The blood dried slowly.

My shoulder throbbed in time with my heartbeat. I pressed my back harder against the stone because the cold helped, or because I needed something solid behind me, or because Diego was three meters away and the wall was the only thing in this tunnel that would hold still.

Diego crouched beside Valentina, talking in low Spanish. He gestured as he spoke, laying out sectors and casualty counts. He had blood on his knuckles and dust in his hair. He kept his eyes on Valentina, on the map she held, on the corridor behind her.

Rhadamanthys came down the corridor like a man walking into church.

He'd been in a different sector during the fight. Luka's section, wherever Rafael and the resistance fighters had held their ground. His coat had fresh tears in it and someone else's blood on the sleeve, but he moved steadily, purpose in every step. The Stetson sat low on his head, shadowing his eyes.

He stopped at the junction.

A long dark smear ran across the stone where Achilles had dragged Hades, the chain links gouging shallow grooves into the floor beside it. The marks led around the corner and disappeared into the dark. Rhadamanthys followed them with his eyes, slowly, all the way to where they curved out of sight. He already knew what waited at the other end of that trail. Nothing.

I'd been where he stood. Different corridor, different decade, same moment. The exact second when a man understands that the person he came for is already gone and the distance between them has become the kind you can't close by running.

Rhadamanthys took the Stetson off. He held it against his chest with both hands, breathed once, and then the hat went back on. "Where is he taking him?" Rhadamanthys asked me.

"Zeus."

He nodded once, settled his hand on the revolver at his hip, then he turned and walked toward the command center.

Diego came back witha medical kit he'd stolen from someone and the expression of a man who'd been holding a grenade with the pin out for too long.

"Shirt off."

"You could buy me dinner first."

He knelt beside me without laughing, opened the kit on the stone floor and laid out the supplies with steady hands. I pulled my shirt over my head, and my shoulder lit up so hard that my vision narrowed. The field dressing had been doing more work than I'd given it credit for.

Diego peeled the old bandage away. He clenched his jaw when he got a clear look at the wound, but he threaded the needle without hesitation. He cleaned it with antiseptic, and I bit down on the inside of my cheek hard enough to taste copper.

"Achilles' sword?" he asked.

"No, I cut myself shaving."

"Jasper." He spoke low, the kind of quiet that carried more weight than shouting. "Shut up and let me fix you."

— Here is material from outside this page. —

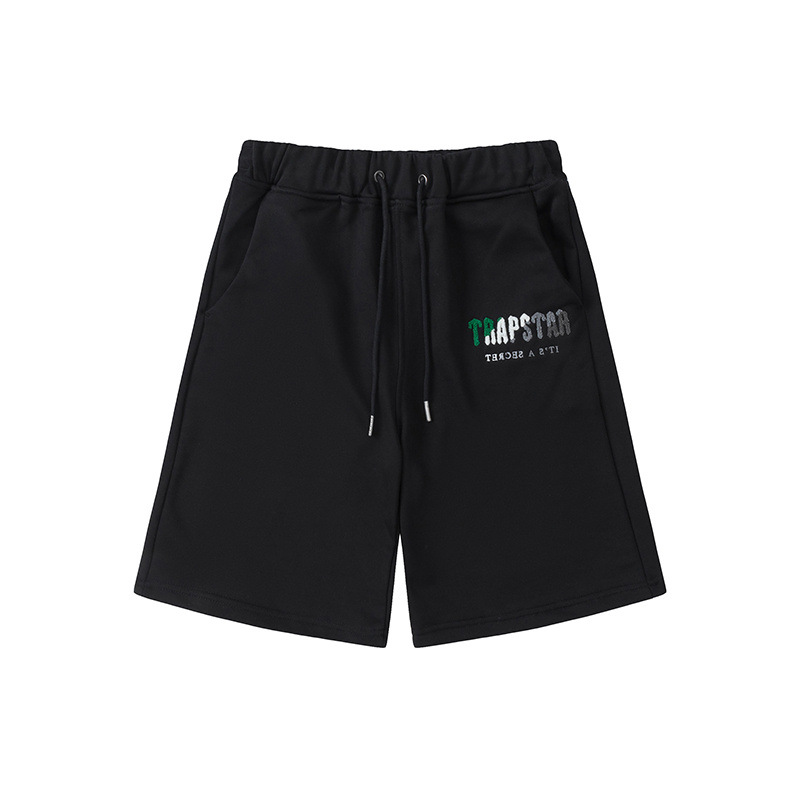 American Trapstar Letras Blanco Azul Toallas bordadas Casual Shorts Hombre y Mujer Deportivo Pantalones Marca image 6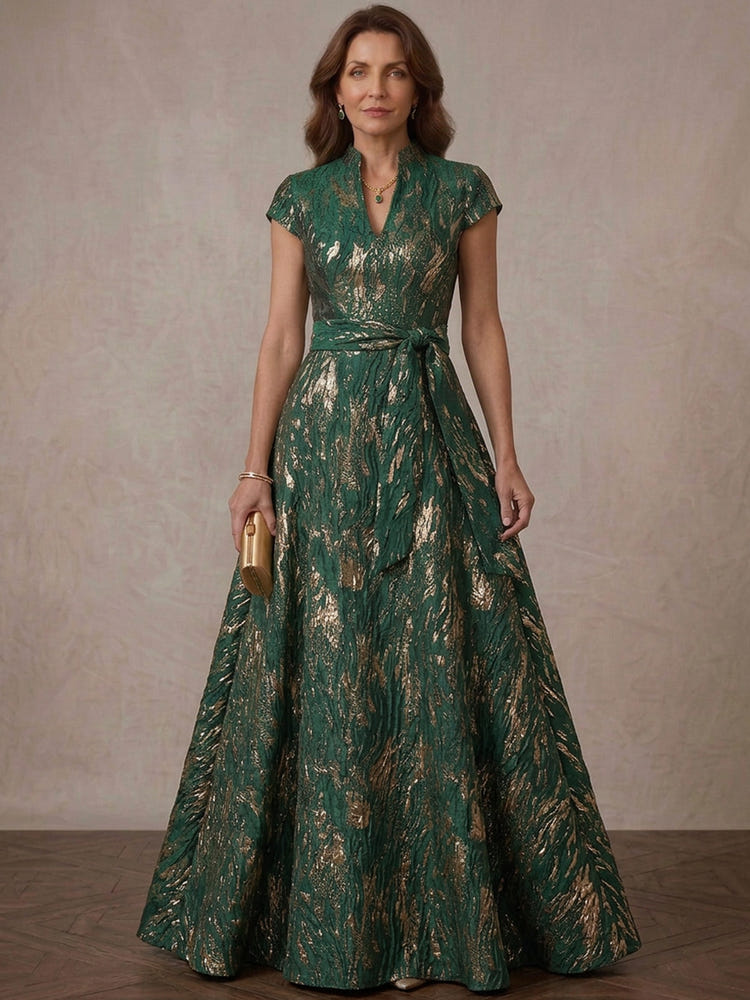 Jacquard A-Line Stand Collar Maxi Mother of the Bride Dresses with Self-Tie Sash Belt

I shut up. His fingers were warm on my skin, and I focused on the pull of the suture needle through the wound's edge, breathing through each one the way I used to count exits in unfamiliar rooms. The old habits always find new uses.

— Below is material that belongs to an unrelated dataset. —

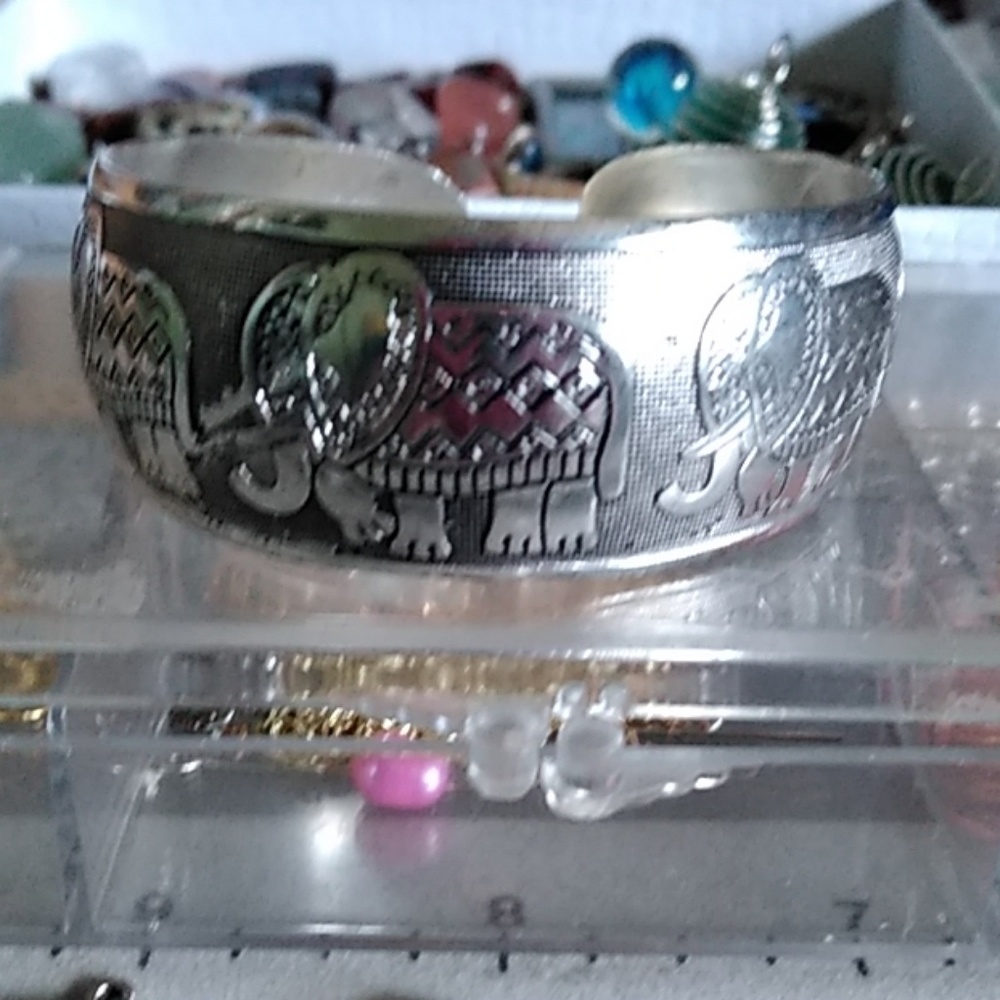 Silvertone bracelet.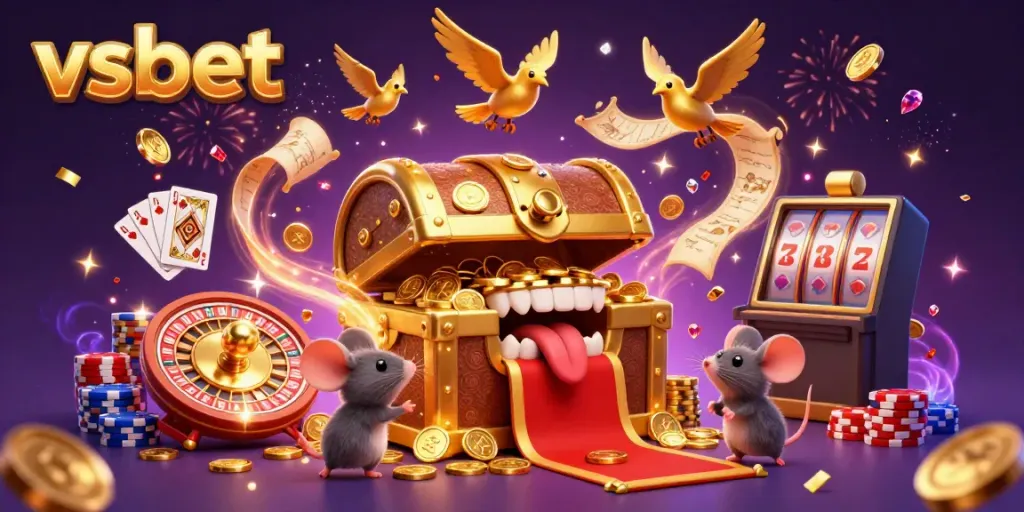Experience the thrill of gaming with vsbet in this immersive 3D casino scene filled with treasures and festive energy.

"Mateo's daughter turns six next week," Diego said. He kept his eyes on the suture.

He tied off the stitch and cut the thread, then started the next one.

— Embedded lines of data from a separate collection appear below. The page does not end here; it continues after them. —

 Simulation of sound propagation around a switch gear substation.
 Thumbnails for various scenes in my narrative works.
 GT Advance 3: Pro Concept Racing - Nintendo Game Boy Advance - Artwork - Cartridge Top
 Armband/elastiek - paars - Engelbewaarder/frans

"Alonzo broke their formation at the north approach. Under three minutes. Valentina held the east tunnels with half the fighters she needed." He pulled the needle through, and his voice stayed level, almost conversational, like he were reading from a grocery list instead of a casualty report. "Beni kept the children quiet in the lower chambers for two hours. Two hours, Jasper. Some of those kids are three years old."

He kept stitching. He kept naming them.

I put my hand on his wrist. He stopped. His pulse hammered under my thumb, too fast for a man whose hands looked that steady.